Jio 4G speed dips, availability surges in India: OpenSignal

4G speed and availability comparison by OpenSignal4G availability in India has increased to 81.6 percent in the first quarter of 2017 against 71.6 percent in the third quarter of 2016 – moving India to the top 20 of the 75 countries in OpenSignal’s State of LTE report.

Reliance Jio, which has added 100 million 4G subscribers during the promotion offer, was the driver for the sharp increase in 4G availability across the nation.

OpenSignal measured Jio’s 4G availability at more than 90 percent, while the other major operators fell below 60 percent availability in its tests. Jio’s launch of an LTE-only mobile network has made 4G service much more accessible throughout the country to millions of subscribers.

ALSO READ: OpenSignal report on LTE globally

Data usage of Jio subscribers has taxed its network capacity, driving down 4G speeds. India’s average LTE download speed was 5.1 Mbps, dropping more than a megabit per second in six months time. 4G download speeds in India are only marginally faster than the average global 3G connection speed of 4.4 Mbps.

India is in the bottom of the OpenSignal chart for 4G speed, just above Costa Rica.

The report does not talk about the 4G availability and 4G speed offered by telecom operators such as Bharti Airtel, Idea Cellular, Vodafone, BSNL, Reliance Communications, etc.
Average Connection Speed by Wireless Technology4G speed globally

The countries with the fastest 4G speeds tend to be the ones that have built LTE-Advanced networks and have a large proportion of LTE-Advanced capable devices.

Singapore, South Korea, Hungary, Norway, Netherlands, Luxembourg, Croatia, New Zealand, Bulgaria, Australia, Denmark, Lithuania, Canada, Serbia, Belgium, Italy, Spain, United Arab Emirates and Austria are the top countries for 4G speed.

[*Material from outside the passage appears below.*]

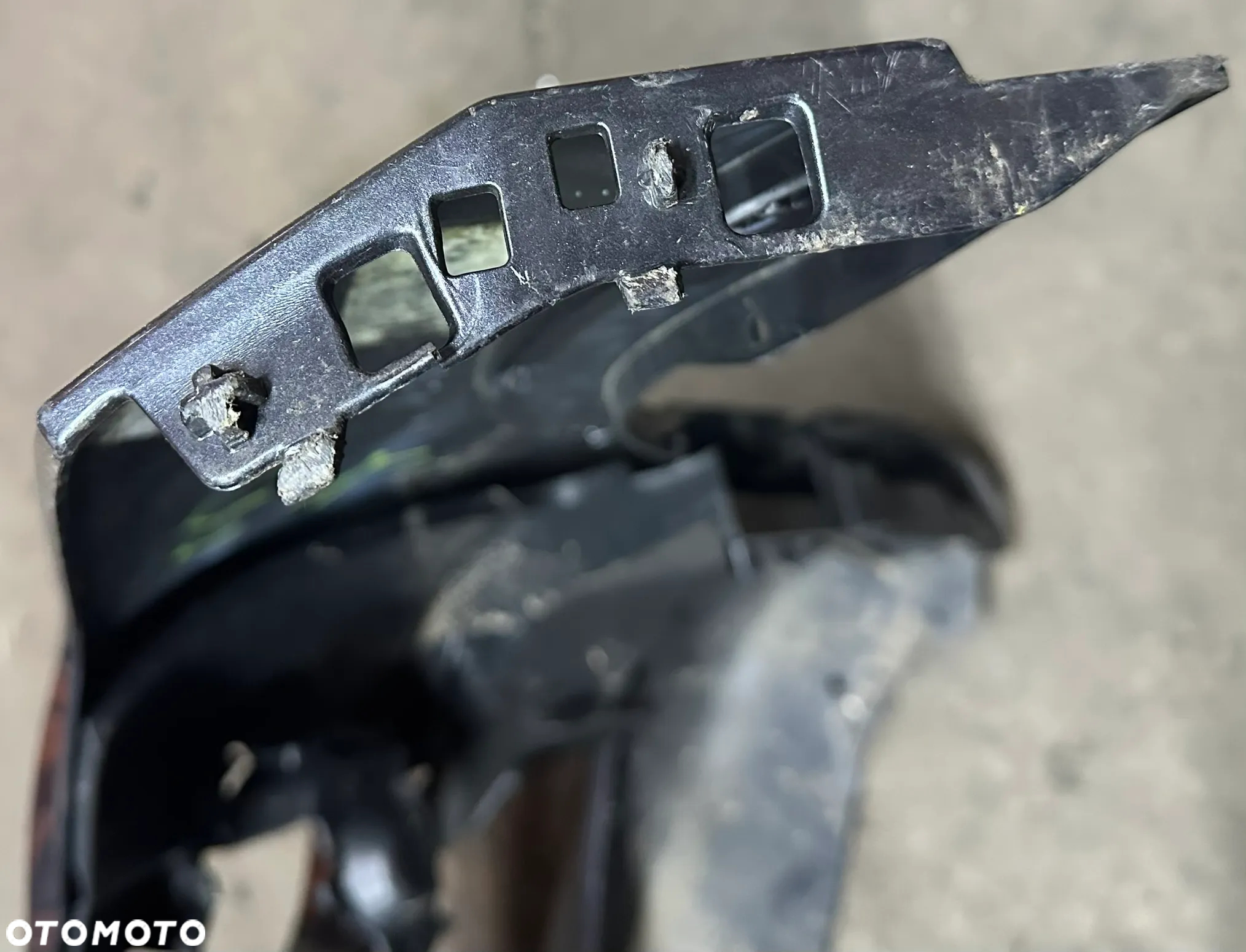 Zderzak przód Bmw X1 F48 15-18R 51117354815 - 5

4G speed in Singapore was 45.62 Mbps. On the other hand, Indian operators offer an average 4G speed of 5.14 Mbps to its mobile Internet customers. India is home to telecom operators such as Bharti Airtel, Idea Cellular, Vodafone India, Reliance Jio, BSNL, among others.

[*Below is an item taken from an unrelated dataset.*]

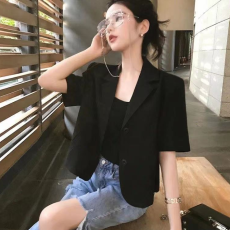 批发2026夏装<b class='q'>大码</b>女装小<b class='q'>西装</b>短款外套小个子西服上衣M4XL200斤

Many of LTE’s earliest adopters dominate the speed list. Singapore, South Korea, Australia, Norway and the Netherlands have had the better part of six years to fully deploy, optimize and upgrade their original LTE networks. The U.S. and Japan lag well behind their 4G peers.

4G availability globally

South Korea tops the OpenSignal survey based on 4G availability with 96.38 percent. India scored 81.56 percent in 4G availability.

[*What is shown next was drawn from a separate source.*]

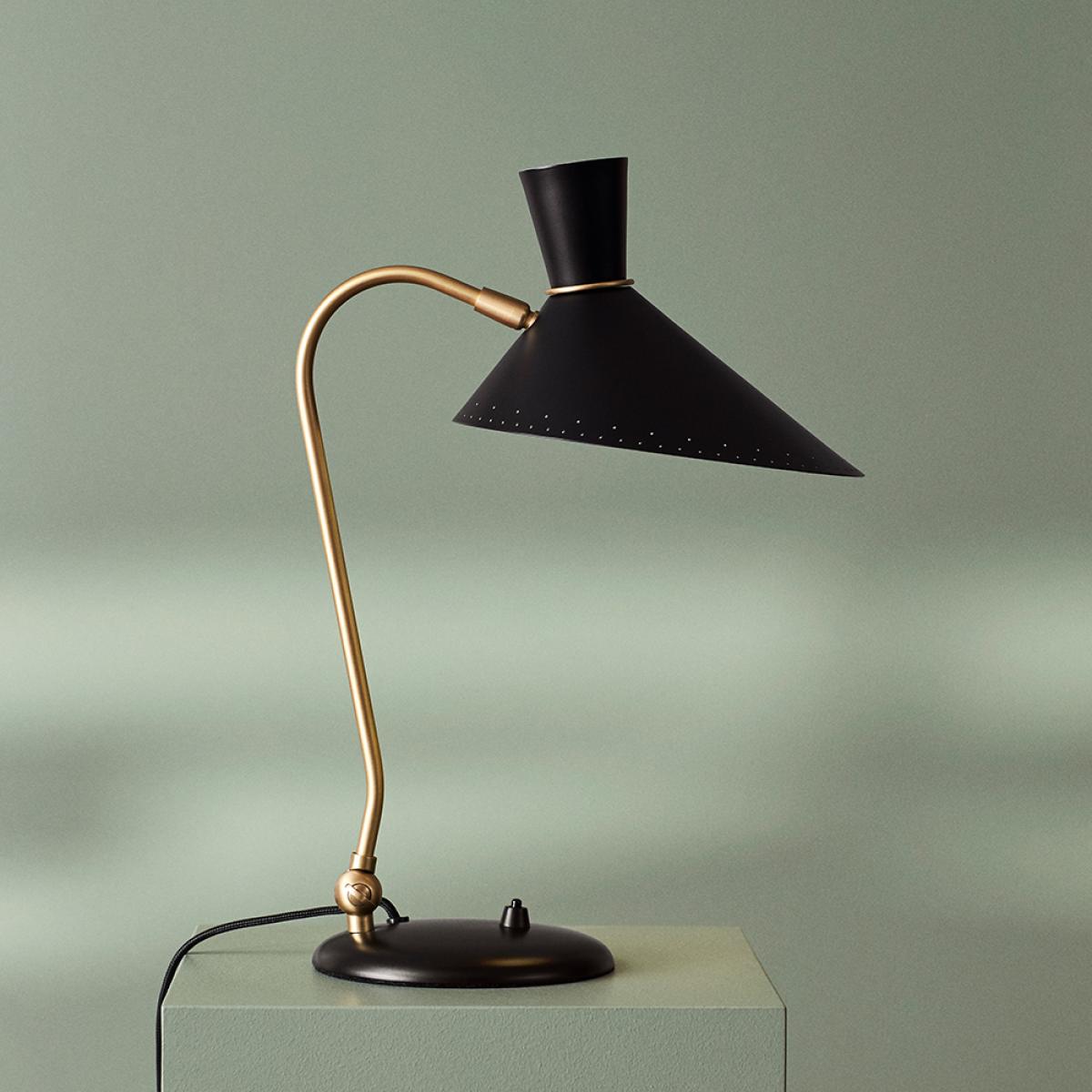 Warm Nordic Bloom table lamp Warm white brass stand – image 2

Japan, Norway, United States of America, Hong Kong, Netherlands, Lithuania, Sweden, Hungary, Taiwan, Finland, Kuwait, Singapore, Estonia, India, Qatar, Canada, Czech Republic, Australia, Latvia, Denmark, Thailand, Bahrain and United Arab Emirates are some of the top 4G nations in terms of 4G availability.

Rather than measure geographic coverage, OpenSignal’s availability metric tracks the proportion of time users have access to a particular network.

Two of the first countries to adopt 4G, the U.S. and Hong Kong, have built extensive LTE footprints, but support average speeds lower than the global average. Japan’s LTE infrastructure has the furthest reach of any country outside of South Korea, but its average download speed is the same as Ecuador’s, a country with half of Japan’s 4G reach.

OpenSignal said it collects data from consumer smartphones and recorded under conditions of normal usage. OpenSignal takes measurements from millions of smartphones owned by regular people who have downloaded OpenSignal’s apps.

OpenSignal collected 19,556,514,365 datapoints from 558,260 users during January – March 2017 for preparing the report.